[Web page caption snippets]
--- START ---

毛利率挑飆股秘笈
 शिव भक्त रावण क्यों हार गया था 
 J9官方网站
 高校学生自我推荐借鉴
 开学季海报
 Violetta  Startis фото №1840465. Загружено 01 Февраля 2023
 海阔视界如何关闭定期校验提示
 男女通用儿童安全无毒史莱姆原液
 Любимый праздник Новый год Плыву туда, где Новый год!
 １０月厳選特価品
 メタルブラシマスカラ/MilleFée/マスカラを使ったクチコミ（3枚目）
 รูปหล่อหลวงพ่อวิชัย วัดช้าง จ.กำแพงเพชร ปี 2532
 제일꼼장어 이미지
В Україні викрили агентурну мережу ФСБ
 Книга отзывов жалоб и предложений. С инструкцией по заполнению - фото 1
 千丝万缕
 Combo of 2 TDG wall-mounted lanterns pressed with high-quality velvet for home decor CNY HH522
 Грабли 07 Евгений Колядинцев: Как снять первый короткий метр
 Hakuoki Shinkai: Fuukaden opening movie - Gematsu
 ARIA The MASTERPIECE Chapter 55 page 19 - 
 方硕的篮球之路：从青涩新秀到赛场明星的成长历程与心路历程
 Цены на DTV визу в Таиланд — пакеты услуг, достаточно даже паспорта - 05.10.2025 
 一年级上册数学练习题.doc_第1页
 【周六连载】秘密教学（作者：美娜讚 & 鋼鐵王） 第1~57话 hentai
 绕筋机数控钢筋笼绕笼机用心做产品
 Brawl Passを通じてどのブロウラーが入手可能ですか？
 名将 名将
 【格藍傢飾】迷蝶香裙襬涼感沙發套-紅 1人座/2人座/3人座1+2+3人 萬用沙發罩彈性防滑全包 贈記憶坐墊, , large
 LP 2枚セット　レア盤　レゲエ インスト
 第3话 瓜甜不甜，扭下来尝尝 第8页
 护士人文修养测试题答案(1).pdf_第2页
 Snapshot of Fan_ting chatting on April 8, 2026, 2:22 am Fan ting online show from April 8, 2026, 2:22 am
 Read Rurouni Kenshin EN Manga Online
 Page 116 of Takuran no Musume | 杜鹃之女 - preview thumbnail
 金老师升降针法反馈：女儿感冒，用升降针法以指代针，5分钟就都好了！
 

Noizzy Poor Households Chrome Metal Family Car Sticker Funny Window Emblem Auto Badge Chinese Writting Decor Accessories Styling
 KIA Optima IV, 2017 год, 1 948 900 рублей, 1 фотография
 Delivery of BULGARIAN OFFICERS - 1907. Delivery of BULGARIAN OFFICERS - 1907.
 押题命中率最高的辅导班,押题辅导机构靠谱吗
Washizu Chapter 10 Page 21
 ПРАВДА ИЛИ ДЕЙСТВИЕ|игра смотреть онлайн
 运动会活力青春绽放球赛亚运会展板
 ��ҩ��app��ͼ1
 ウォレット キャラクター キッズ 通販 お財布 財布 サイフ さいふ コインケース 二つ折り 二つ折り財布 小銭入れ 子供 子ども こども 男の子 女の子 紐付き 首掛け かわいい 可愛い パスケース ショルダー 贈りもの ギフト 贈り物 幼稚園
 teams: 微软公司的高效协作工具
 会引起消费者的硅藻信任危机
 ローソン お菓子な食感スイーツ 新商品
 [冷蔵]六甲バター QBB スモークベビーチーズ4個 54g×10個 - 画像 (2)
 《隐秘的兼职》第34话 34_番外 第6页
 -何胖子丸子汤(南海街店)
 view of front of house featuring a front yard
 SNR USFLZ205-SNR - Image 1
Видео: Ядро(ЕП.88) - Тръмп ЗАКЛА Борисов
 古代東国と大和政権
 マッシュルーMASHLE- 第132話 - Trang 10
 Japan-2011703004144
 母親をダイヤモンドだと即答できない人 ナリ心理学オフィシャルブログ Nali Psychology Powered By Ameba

--- END ---

Assignment. The entries above must each be repeated exactly.

Solution below.
毛利率挑飆股秘笈
 शिव भक्त रावण क्यों हार गया था 
 J9官方网站
 高校学生自我推荐借鉴
 开学季海报
 Violetta  Startis фото №1840465. Загружено 01 Февраля 2023
 海阔视界如何关闭定期校验提示
 男女通用儿童安全无毒史莱姆原液
 Любимый праздник Новый год Плыву туда, где Новый год!
 １０月厳選特価品
 メタルブラシマスカラ/MilleFée/マスカラを使ったクチコミ（3枚目）
 รูปหล่อหลวงพ่อวิชัย วัดช้าง จ.กำแพงเพชร ปี 2532
 제일꼼장어 이미지
В Україні викрили агентурну мережу ФСБ
 Книга отзывов жалоб и предложений. С инструкцией по заполнению - фото 1
 千丝万缕
 Combo of 2 TDG wall-mounted lanterns pressed with high-quality velvet for home decor CNY HH522
 Грабли 07 Евгений Колядинцев: Как снять первый короткий метр
 Hakuoki Shinkai: Fuukaden opening movie - Gematsu
 ARIA The MASTERPIECE Chapter 55 page 19 - 
 方硕的篮球之路：从青涩新秀到赛场明星的成长历程与心路历程
 Цены на DTV визу в Таиланд — пакеты услуг, достаточно даже паспорта - 05.10.2025 
 一年级上册数学练习题.doc_第1页
 【周六连载】秘密教学（作者：美娜讚 & 鋼鐵王） 第1~57话 hentai
 绕筋机数控钢筋笼绕笼机用心做产品
 Brawl Passを通じてどのブロウラーが入手可能ですか？
 名将 名将
 【格藍傢飾】迷蝶香裙襬涼感沙發套-紅 1人座/2人座/3人座1+2+3人 萬用沙發罩彈性防滑全包 贈記憶坐墊, , large
 LP 2枚セット　レア盤　レゲエ インスト
 第3话 瓜甜不甜，扭下来尝尝 第8页
 护士人文修养测试题答案(1).pdf_第2页
 Snapshot of Fan_ting chatting on April 8, 2026, 2:22 am Fan ting online show from April 8, 2026, 2:22 am
 Read Rurouni Kenshin EN Manga Online
 Page 116 of Takuran no Musume | 杜鹃之女 - preview thumbnail
 金老师升降针法反馈：女儿感冒，用升降针法以指代针，5分钟就都好了！
 

Noizzy Poor Households Chrome Metal Family Car Sticker Funny Window Emblem Auto Badge Chinese Writting Decor Accessories Styling
 KIA Optima IV, 2017 год, 1 948 900 рублей, 1 фотография
 Delivery of BULGARIAN OFFICERS - 1907. Delivery of BULGARIAN OFFICERS - 1907.
 押题命中率最高的辅导班,押题辅导机构靠谱吗
Washizu Chapter 10 Page 21
 ПРАВДА ИЛИ ДЕЙСТВИЕ|игра смотреть онлайн
 运动会活力青春绽放球赛亚运会展板
 ��ҩ��app��ͼ1
 ウォレット キャラクター キッズ 通販 お財布 財布 サイフ さいふ コインケース 二つ折り 二つ折り財布 小銭入れ 子供 子ども こども 男の子 女の子 紐付き 首掛け かわいい 可愛い パスケース ショルダー 贈りもの ギフト 贈り物 幼稚園
 teams: 微软公司的高效协作工具
 会引起消费者的硅藻信任危机
 ローソン お菓子な食感スイーツ 新商品
 [冷蔵]六甲バター QBB スモークベビーチーズ4個 54g×10個 - 画像 (2)
 《隐秘的兼职》第34话 34_番外 第6页
 -何胖子丸子汤(南海街店)
 view of front of house featuring a front yard
 SNR USFLZ205-SNR - Image 1
Видео: Ядро(ЕП.88) - Тръмп ЗАКЛА Борисов
 古代東国と大和政権
 マッシュルーMASHLE- 第132話 - Trang 10
 Japan-2011703004144
 母親をダイヤモンドだと即答できない人 ナリ心理学オフィシャルブログ Nali Psychology Powered By Ameba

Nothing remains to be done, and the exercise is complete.